Statistically he’s well in the black, not that stats are my favourite thing. Journalists these days tend to throw them in instead of actual insights. You know: Aston Villa have never won away from home on a date with an odd number, that sort of thing.

Who thinks them up, that’s what I want to know. I was reading this morning that in the Arsenal-Tottenham game, Spurs as a team ran 7km further than Arsenal. I mean, is that necessarily a good thing?

Cheers, Gary, I’ll have a light and special, and you don’t have to run round the car park twice before you get it. I’m not interested in your mileage, I’m looking for a pint as quickly as possible.

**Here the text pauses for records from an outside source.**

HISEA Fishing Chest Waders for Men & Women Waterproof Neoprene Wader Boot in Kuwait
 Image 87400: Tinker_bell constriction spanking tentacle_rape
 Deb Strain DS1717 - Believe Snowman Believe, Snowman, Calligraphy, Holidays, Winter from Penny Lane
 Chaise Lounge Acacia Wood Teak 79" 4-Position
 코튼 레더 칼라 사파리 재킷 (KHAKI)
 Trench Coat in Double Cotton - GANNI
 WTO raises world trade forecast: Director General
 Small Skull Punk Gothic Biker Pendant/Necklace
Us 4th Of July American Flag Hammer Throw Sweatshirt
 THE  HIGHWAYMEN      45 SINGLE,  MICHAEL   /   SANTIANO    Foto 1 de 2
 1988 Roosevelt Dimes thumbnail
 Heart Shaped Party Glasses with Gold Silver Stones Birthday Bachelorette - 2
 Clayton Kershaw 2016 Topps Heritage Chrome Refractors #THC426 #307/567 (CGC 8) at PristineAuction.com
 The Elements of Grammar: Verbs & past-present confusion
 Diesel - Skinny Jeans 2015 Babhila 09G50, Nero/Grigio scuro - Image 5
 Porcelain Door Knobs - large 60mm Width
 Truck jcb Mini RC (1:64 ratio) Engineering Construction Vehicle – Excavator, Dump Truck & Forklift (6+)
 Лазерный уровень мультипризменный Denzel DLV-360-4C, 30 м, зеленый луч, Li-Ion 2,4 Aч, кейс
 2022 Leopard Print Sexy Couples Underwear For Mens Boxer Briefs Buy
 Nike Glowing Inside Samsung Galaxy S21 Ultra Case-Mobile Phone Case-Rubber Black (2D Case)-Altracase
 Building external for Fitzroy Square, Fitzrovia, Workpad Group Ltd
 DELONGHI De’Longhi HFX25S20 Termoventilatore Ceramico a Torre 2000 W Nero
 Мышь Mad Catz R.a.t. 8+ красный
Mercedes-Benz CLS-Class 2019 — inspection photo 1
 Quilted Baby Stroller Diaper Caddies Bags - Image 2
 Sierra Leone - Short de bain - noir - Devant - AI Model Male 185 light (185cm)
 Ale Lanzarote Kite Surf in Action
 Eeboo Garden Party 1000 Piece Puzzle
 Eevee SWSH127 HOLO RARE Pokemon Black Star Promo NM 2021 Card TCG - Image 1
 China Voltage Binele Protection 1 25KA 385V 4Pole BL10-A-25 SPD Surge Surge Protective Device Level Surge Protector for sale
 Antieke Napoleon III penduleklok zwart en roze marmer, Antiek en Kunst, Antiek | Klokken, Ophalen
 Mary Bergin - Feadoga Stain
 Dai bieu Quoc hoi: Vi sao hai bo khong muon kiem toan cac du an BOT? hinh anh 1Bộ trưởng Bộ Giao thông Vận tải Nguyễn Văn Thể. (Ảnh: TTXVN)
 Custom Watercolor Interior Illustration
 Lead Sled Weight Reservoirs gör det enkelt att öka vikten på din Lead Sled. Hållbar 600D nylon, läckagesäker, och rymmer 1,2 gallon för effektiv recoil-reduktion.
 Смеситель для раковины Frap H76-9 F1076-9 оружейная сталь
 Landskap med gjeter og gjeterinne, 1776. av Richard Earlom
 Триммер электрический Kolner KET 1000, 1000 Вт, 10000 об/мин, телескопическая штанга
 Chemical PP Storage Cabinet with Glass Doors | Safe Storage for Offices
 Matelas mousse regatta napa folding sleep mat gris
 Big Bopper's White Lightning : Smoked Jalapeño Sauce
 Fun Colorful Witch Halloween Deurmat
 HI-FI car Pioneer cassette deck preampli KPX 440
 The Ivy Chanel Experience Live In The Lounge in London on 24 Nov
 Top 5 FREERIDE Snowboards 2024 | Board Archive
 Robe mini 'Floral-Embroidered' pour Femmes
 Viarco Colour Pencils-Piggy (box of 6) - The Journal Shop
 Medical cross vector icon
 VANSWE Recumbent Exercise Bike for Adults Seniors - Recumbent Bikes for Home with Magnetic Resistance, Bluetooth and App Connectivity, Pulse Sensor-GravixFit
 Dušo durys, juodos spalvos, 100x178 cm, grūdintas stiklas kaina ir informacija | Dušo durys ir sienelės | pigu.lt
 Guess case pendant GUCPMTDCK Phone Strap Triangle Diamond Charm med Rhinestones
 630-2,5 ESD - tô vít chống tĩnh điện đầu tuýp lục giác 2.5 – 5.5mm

Mileage – how far players run during a game – that’s only of interest to a certain type of manager. You know Peter Taylor, Brian Clough’s old partner, well the two of them were on holiday in Mallorca once and they met a coach called Sammy Chung on the beach, and Chung’s bragging about how hard he makes his players work. He says he has routines that could make the Forest players physically sick. And Clough says, “When they start awarding three points for that we’ll be in touch.”

No, Baz, it was in Taylor’s book. I never met the guy, I was too young. But he and Clough used to value skill. Hard work as well, like, but not only that. Yes, three points. They used to get three points for a win.

Your cultured midfielder doesn’t have to be chasing all over the park all afternoon. They have other people to do that. Take Eric Cantona, as skilled a player as England has ever seen. In the French national side he had Didier Deschamps doing all the barking and harassing. Cantona referred to him as The Water Carrier, which was disrespectful, but there you go. Cantona was arrogant but brilliant.

A water carrier, Baz – in the Roman army you had the officers with the brains and the soldiers with the heroics and you had these other guys carrying water, because it’s thirsty work. What would you be? You’d be in the front line, mate, the front line.